Drop every picture, then transcribe the remaining data exactly.

BEGIN DATASET RECORDS

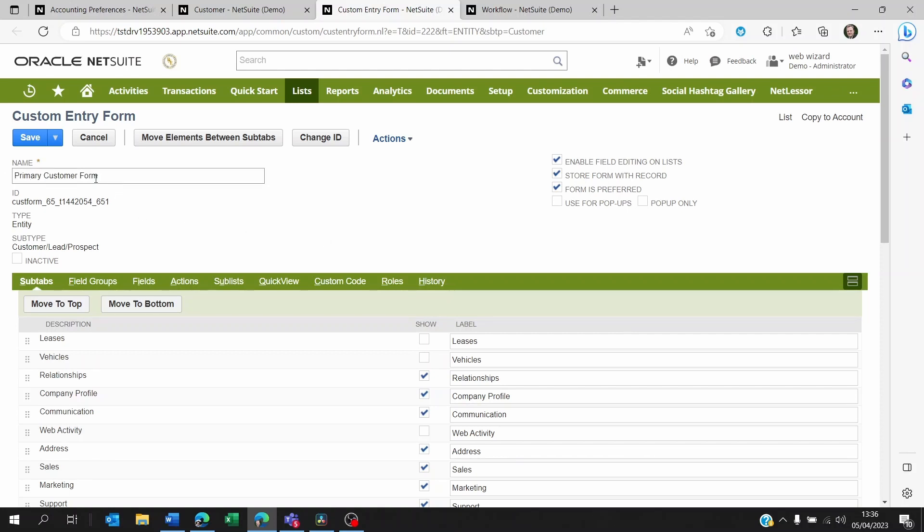Now maybe there are other forms for different users within my organization where they will see more or maybe less fields, where they'll be able to approve something or add certain information to fields I'm not seeing, because when you create fields and apply them to forms, you can decide to which role, which person, which form you're actually applying these fields to.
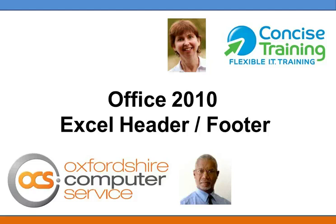Welcome to the Office 2010 Help Series with Mary Thomas and Howard Aitken. In this video we are going to look at how the new Excel 2010 header works.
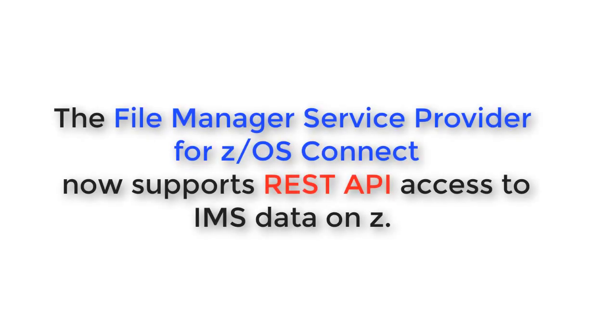Hello and welcome to this video on IMS and the File Manager Service Provider for ZOS Connect. The File Manager Service Provider for ZOS Connect now supports REST API access to IMS data on Z.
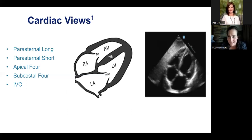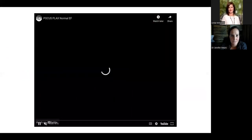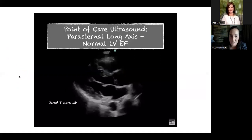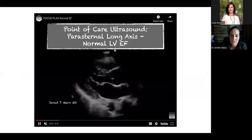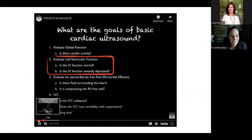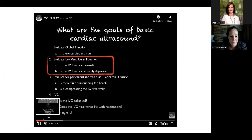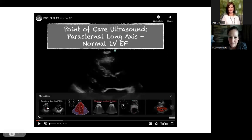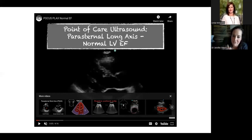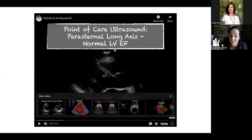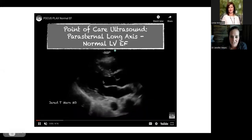Now looking at some video examples. This is the parasternal long axis — reorienting with left atrium, outflow tract, right ventricle, left ventricle. Some things to notice: the mitral valve, every time the heart beats, is almost hitting the septal wall. The last thing to notice is a concept called wall thickening. You see this hyperechoic line at the base of the septal wall — that line should travel intraventricularly every time the heart beats because the left ventricle beats in a concentric constricting pattern.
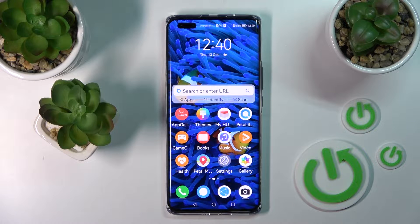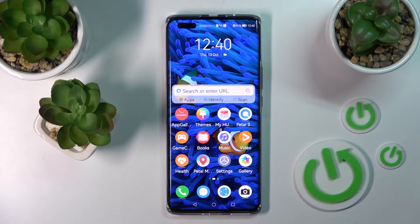Welcome. In front of me is the Huawei Nova 10 Pro, and I'll show you how to enable or disable the Assistant today on this device.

END DATASET RECORDS

* _COMPLETED EXERCISE_
Now maybe there are other forms for different users within my organization where they will see more or maybe less fields, where they'll be able to approve something or add certain information to fields I'm not seeing, because when you create fields and apply them to forms, you can decide to which role, which person, which form you're actually applying these fields to.
Welcome to the Office 2010 Help Series with Mary Thomas and Howard Aitken. In this video we are going to look at how the new Excel 2010 header works.
Hello and welcome to this video on IMS and the File Manager Service Provider for ZOS Connect. The File Manager Service Provider for ZOS Connect now supports REST API access to IMS data on Z.
Now looking at some video examples. This is the parasternal long axis — reorienting with left atrium, outflow tract, right ventricle, left ventricle. Some things to notice: the mitral valve, every time the heart beats, is almost hitting the septal wall. The last thing to notice is a concept called wall thickening. You see this hyperechoic line at the base of the septal wall — that line should travel intraventricularly every time the heart beats because the left ventricle beats in a concentric constricting pattern.
Welcome. In front of me is the Huawei Nova 10 Pro, and I'll show you how to enable or disable the Assistant today on this device.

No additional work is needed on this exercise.